Existential Crisis

by d 13 Replies latest jw friends

  • Pams girl
    Pams girl

    I personally was very happy to be out of it, but something hit me like a ton of bricks a few weeks later when I came to realise I would never see my dear mum again ........the thought of seeing her in the new system kept me in, and helped me after her death. That was a really upsetting realisation, and I spent a few days crying about it.

    Thankfully, Ive come to terms with this now, and hold dear the memories of our life together.

  • elderelite
    elderelite

    Yep have gone through it quiet a bit....

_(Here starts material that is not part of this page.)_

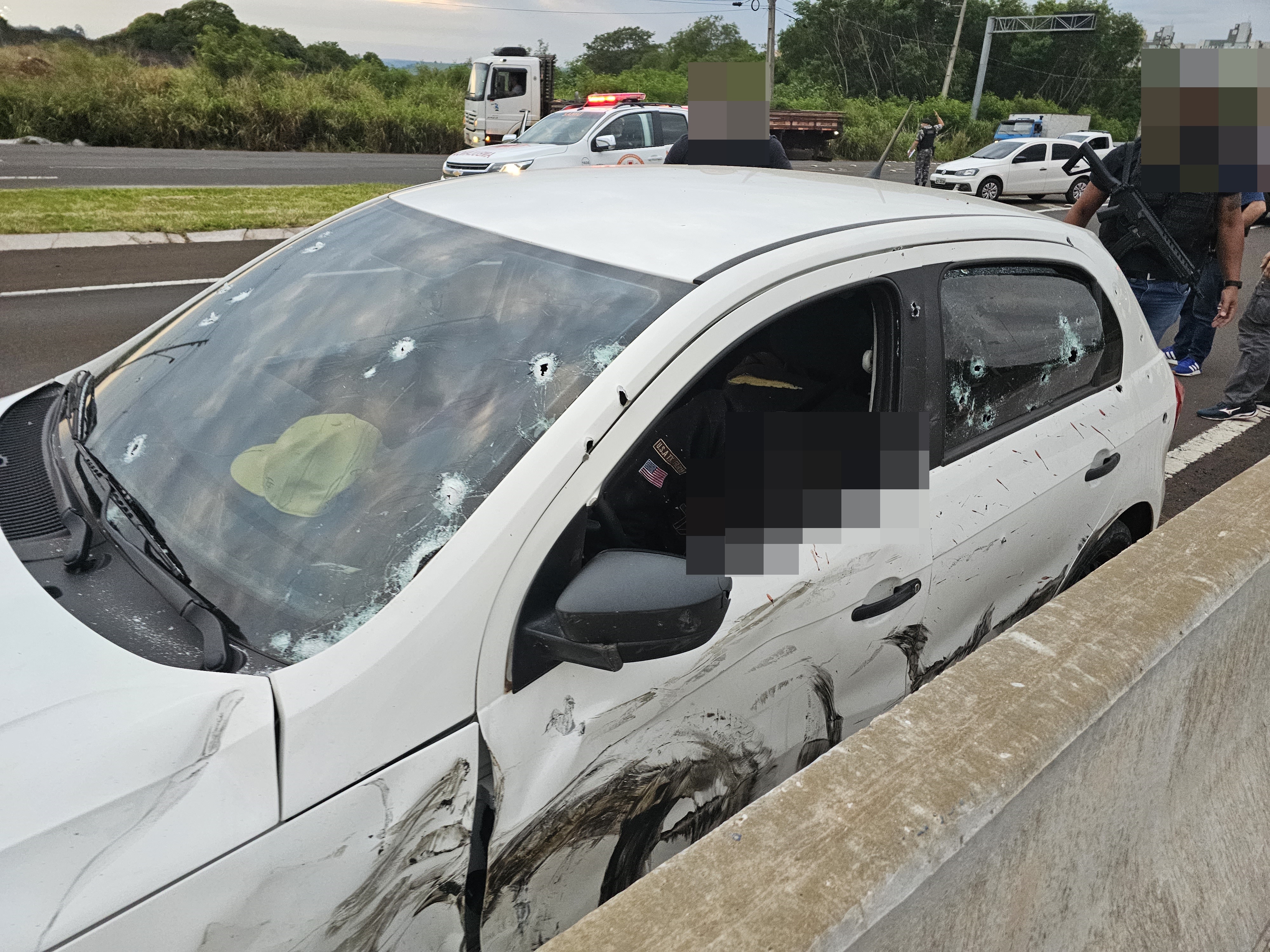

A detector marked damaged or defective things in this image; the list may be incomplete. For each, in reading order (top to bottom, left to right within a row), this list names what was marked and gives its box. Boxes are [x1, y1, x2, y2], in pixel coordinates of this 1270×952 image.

    http://www.jehovahs-witness.net/members/adult/210886/1/introspection

    Is just one example.... But it gets much better :-)

  • d
    d

    I still feel it at times but not as much.

  • Terry
    Terry

    People who had "loved" me and "respected" me and who knew me flipped a switch and unloved me and disrespected me. They no longer cared to know me a second longer.

    There was no sense of loss to the brothers and sisters that one of their own was in a jeopardy which could cost him his life.

    It was indifference. That struck me with the dumb realization of how easy it was for Jehovah's Witnesses to turn it all off at a moment's notice.

    I began to count the cost to me in the past and review my personal sacrifices. Parts of my 20th year of life, all of my 21st year of life and part of my

    23rd year of life were spent in Federal Prison! I could have easily served community service instead but my religion said "no". So, some of the best years of my life were spent utterly unproductive and wasted.

    What was my compensation? None. I earned not even begrudging respect. In fact, it made me realize nobody had come to visit me. Nobody had even sent me a card saying "Hang in there, Brother Walstrom."

    I suddenly felt very used and stupid.

    I had been paroled to Full Time Pioneer work and struggled financially barely able to meet my bills.

    Nothing but more and more expectations were placed on my shoulders. Yet, Jesus had said his yoke was a light one to shoulder!

    The door knocking, recruitment, bible studies and hand shaking was an empty exercise in blind obedience.

    My crisis was that I had NOTHING to show for it all. Not one thing.

    "Don't let the Kingdom Hall door hit you in the ass on the way out" they all seemed to be saying to me.

    Why didn't anybody care enough about me to want me back? Nobody came around and said, "Hey, let's talk about this"?

    The cold faces were a billboard advertising total unconcern about my welfare in the eyes of this so-called religion of Truth and love.

    Now, I look back and see I did it to myself. I was fooled. None of these fellow dupes were really brothers or sisters. It was an illusion self-enforced.

    The worst part of it is this. The friends you make and share your life with when you are young become the foundation of your social family the rest of your life---EXCEPT--if they are fake friends and indifferent and unconcerned.

    I cannot share "old times" with any of the hundreds of fellow JW's I had grown up with. It was all as though I had never existed.

    Well, Boo Hoo. Get over it, Terry. Move up and move on.

    The one thing I won't let go of is the feeling I had been captured and almost killed by a serial killer who is "still out there" preying on the unwary.

    That haunts me. I won't keep my mouth shut about that. I will continue to warn others because how they spend the rest of their life depends on escaping the clutches of the Jehovah's Witness pathologies and sociopathic mindset.

    Other than that.....it is all a bad dream.